- Published on Thursday, 30 January 2014 12:06
Norther Rail say that fare dodging between Glossop and Manchester Piccadilly is the worst in Derbyshire. The line is already notorious as the "skankiest" line going into Manchester, where the chance of lost property being found and returned is negligible. That Glossopians are reluctant to pay for train tickets for the journey to town will come as little surprise to many commuters. Norther Rail's full press statement is below.
Northern Rail has launched a campaign to crack down on fare dodgers across Derbyshire. In an attempt to reduce the number of people receiving fines for not buying a ticket, Northern has launched two online videos and a series of station and train posters showing two scenarios where someone takes something for free.
Northern has revealed that in Derbyshire, the most common journey where people are caught travelling without a ticket was from Glossop to Manchester Piccadilly.
Alex Hynes, Managing Director of Northern, explains: “We know from talking to our customers they have a real problem when they see others not paying for their journey. We don’t want to see passengers get into trouble and want to make sure they understand the implications of taking a free ride. The videos show two situations that we know people wouldn’t do, and show that not paying for a train ticket is the same, so why do it?

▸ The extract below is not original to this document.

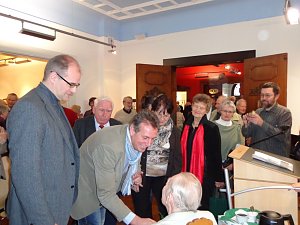 Vernissage im Kunsthaus Meyenburg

“We hear all sorts of excuses from passengers as to why they don’t have a ticket – they don’t have any money or a conductor did not come down the train and sell them one. It’s the passenger’s responsibility to buy a ticket, so they must seek out the conductor to get one or if that is not possible, then buy a ticket at their destination station.”
Across Derbyshire, there were 567 occasions where passengers were caught travelling on Northern services without a valid ticket last year. 174 of those journeys started at Glossop, 83 from New Mills Central and 63 from Dinting, all of which have staffed ticket offices (New Mills and Dinting during morning peak hours) where customers can buy a ticket before they board the train.
Alex continues: “We know that some of our smaller stations have limited opportunities to buy tickets, and we are investing in new ticket buying facilities and currently carrying out independent surveys across the network to gain information on how our customers want to purchase tickets. This will allow us to continue to give our customers easy and varied opportunities to pay for their journey. However, the highest number of journeys made without paying for them started at stations with open ticket offices and Ticket Vending Machines.”
Fare evasion continues to be a huge issue for the rail industry, costing £240million per year.